The FDA letter stated San Diego-based StemGenex pitched its product for life-threatening conditions like Alzheimer’s disease despite being without a license or requisite approval. The company does what’s called stromal vascular fraction, or SVF, a type of stem cell therapy in which stem cells are harvested from body fat.

In addition, an FDA inspection in January found “deviations from current good manufacturing practice requirements, including some that could lead microbial contamination, putting patients at risk,” the FDA said in a Nov. 13 news release.

The FDA in the last year has sought to target bad actors in regenerative medicine.

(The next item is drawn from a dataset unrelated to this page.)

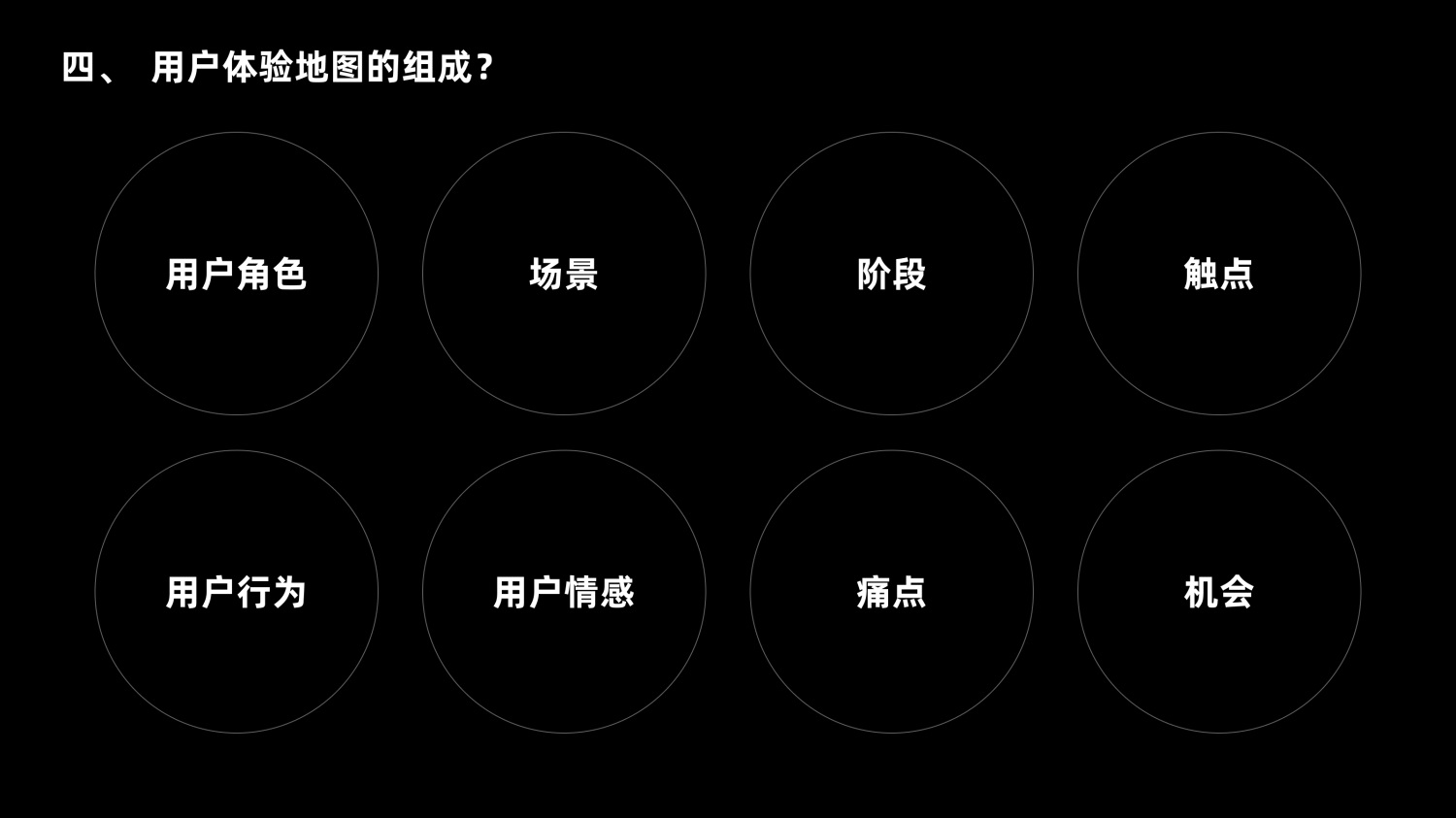 7000字干貨！超全面的用戶體驗地圖實戰(zhàn)攻略
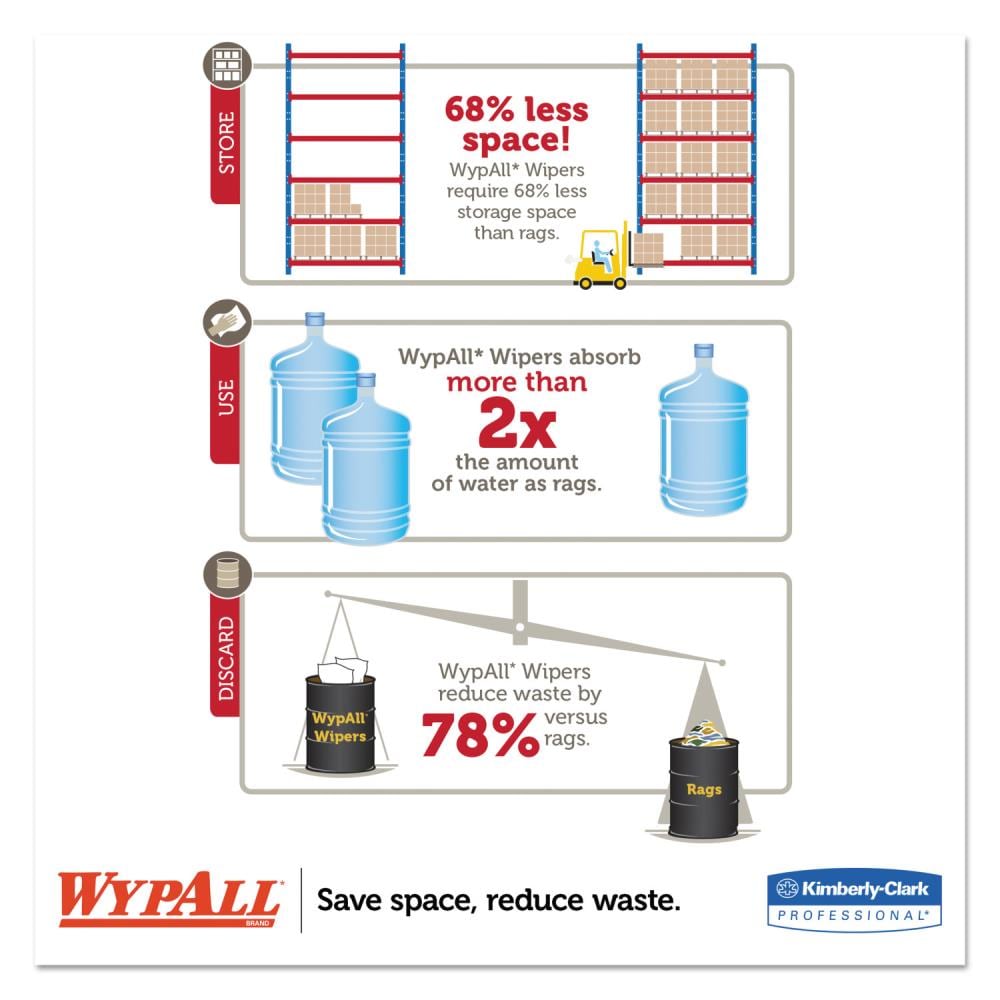 WYPALL KCC41026 Cleaning-Cloths - View #5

“The potential health benefits of regenerative medicine have spurred major progress in stem-cell biology over the past several decades. But we continue to see bad actors exploit the scientific promise of this field to mislead vulnerable patients into believing they’re being given safe, effective treatments; when instead these stem cell producers are leveraging the field’s hype to push unapproved, unproven, illegal, and potentially unsafe products,” FDA Commissioner Scott Gottlieb said in the news release.

The FDA stated StemGenex’s SVF product is only in the development stage. The company must obtain a valid biologics license for marketing and complete an investigational new drug application for use in humans, according to the agency.

StemGenex did not immediately return a request to comment.